When the Bolshevik faction of communism was taking control in Russia, author G.K. Chesterton began publishing a new weekly paper in March 1925. In it, he warned of the rise of a new age of totalitarianism—elements of which, he said, could be found in nearly all modern political systems.

In the first article of the first edition of G.K.’s Weekly, he wrote, “The thing behind Bolshevism and many other modern things is a new doubt. It is not merely a doubt about God; it is rather specially a doubt about Man.

“The old morality, the Christian religion, the Catholic Church, differed from all this new mentality because it really believed in the rights of men. That is, it believed that ordinary men were clothed with powers and privileges and a kind of authority,” he wrote.

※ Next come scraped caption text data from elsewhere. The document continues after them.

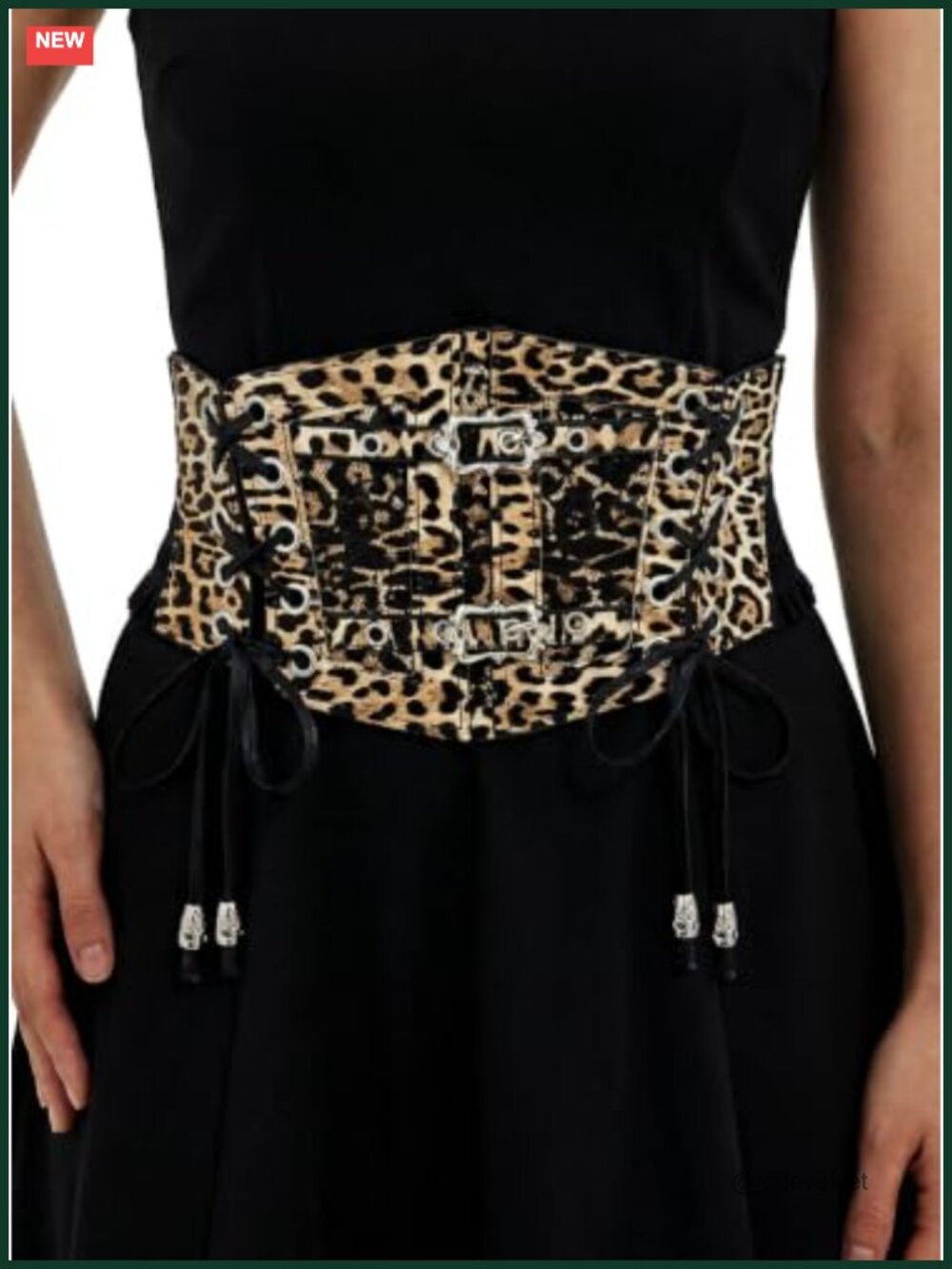 Underbust Corset Belt Waist Cincher Adjustable Lace-Up Hook & Eye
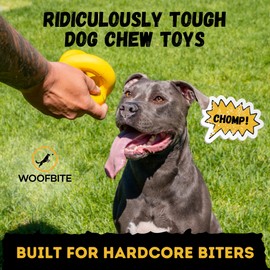 WoofBite Indestructible Dog Ball - Lifetime Replacement - Durable Dog Toy for Aggressive Chewers - Safe, Non-Toxic Natural Rubber - Chew, Tug & Fetch - Tough, Heavy Duty Chew Toy - 4” (Softball Size)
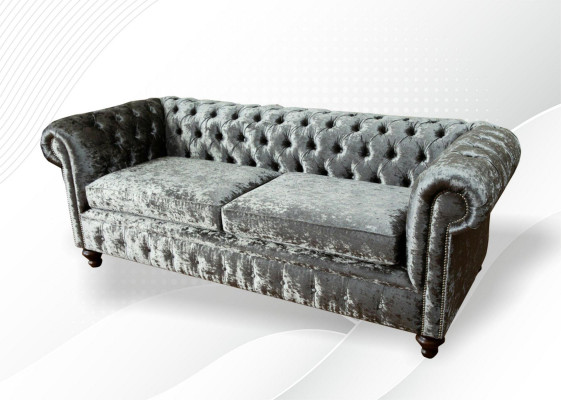 Dräisëtzer Sofa 3 Sëtz Couch Chesterfield Polstersëtz Garnitur Samt Groe Samt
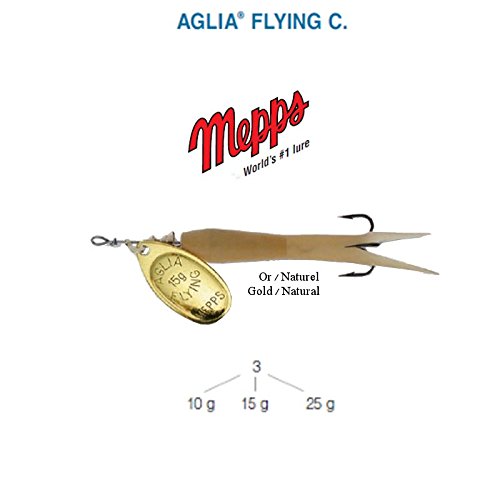Mepps AGLIA Flying C 10g 15g 25g 5 Farben Lachs BROCHET Bar (Natur-Gold, 25g) von Mepps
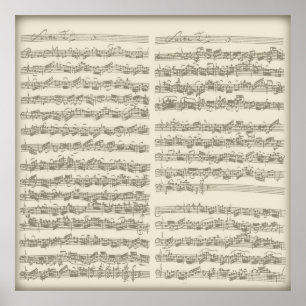 Bach 2nd Cello Suite, Several Manuscript Pages Poster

“Now in these primary things in which the old religion trusted a man, the new philosophy utterly distrusts a man. It insists that he must be a very rare sort of man to have any rights in these matters; and when he is the rare sort, he has the right to rule others even more than himself.”

When the Cold War rolled around, the world was like a tilled field, where the Soviet Union gladly sowed its seeds of social discord and disinformation to more deeply spread its totalitarian ideology.

Under the modern liberal-democratic view now professed by hundreds of millions, Legutko wrote, “the political system should permeate every section of public and private life,” extending to all parts of society, including “ethics and mores, family, churches, schools, universities, community organizations, culture, and even human sentiment and aspirations.”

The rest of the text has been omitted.